Currently, Serverless is limited to accessing data stored in ADLS only. I wish Microsoft extends Serverless to other vendors, such as Amazon (S3 and Athena) or Google. As a PaaS offering, there is no option to plug in additional drivers. The same limitation applies to the Synapse SQL Pool by the way. Adding the ORC files to the list of supported file formats will be a good addition, as well as the AVRO format which is generated by the Event Hub Capture.

You can find more crowdsourced improvement ideas at the Synapse Forum.

The Ugly

Now that you have a logical data warehouse, a common requirement is to get that data and load it into a physical data warehouse hosted in the Synapse SQL Pool. Unfortunately, the current architecture keeps the two pools separate (think of them as two different SQL servers).
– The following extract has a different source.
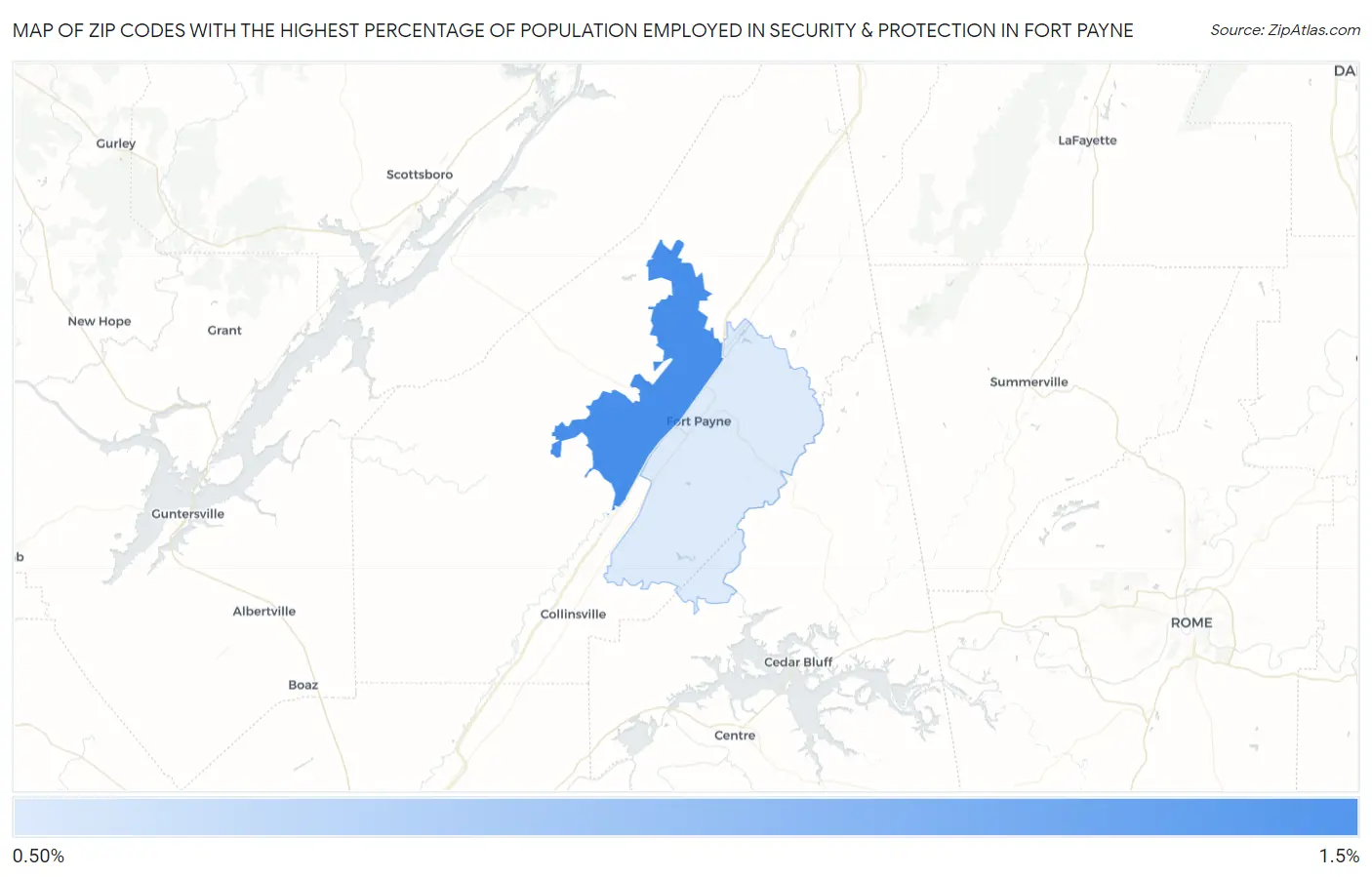 Zip Codes with the Highest Percentage of Population Employed in Security & Protection in Fort Payne Map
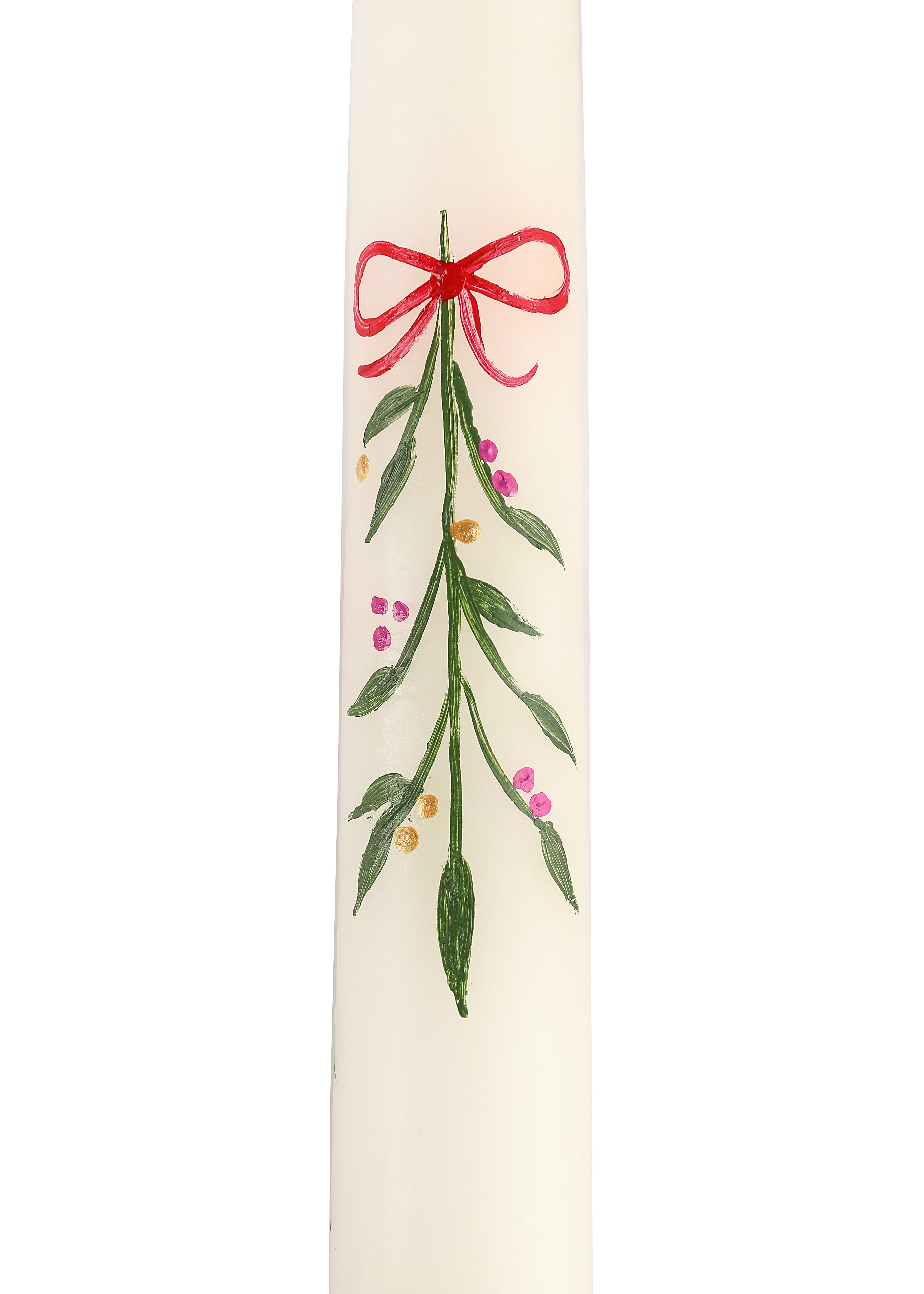 Berry Kissed Mistletoe Taper Candles, Set of 2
Views saved in a Serverless database are not accessible by the SQL Pool. The SQL Pool doesn’t support OPENROWSET either, so the approach outlined here won’t work. You must use Azure Data Factory or another ETL tool to stage the data in the SQL Pool if you follow the ELT pattern. I’d love to see the SQL Pool extended to support OPENROWSET as Azure SQL Managed Instance does to avoid yet another data movement and data staging.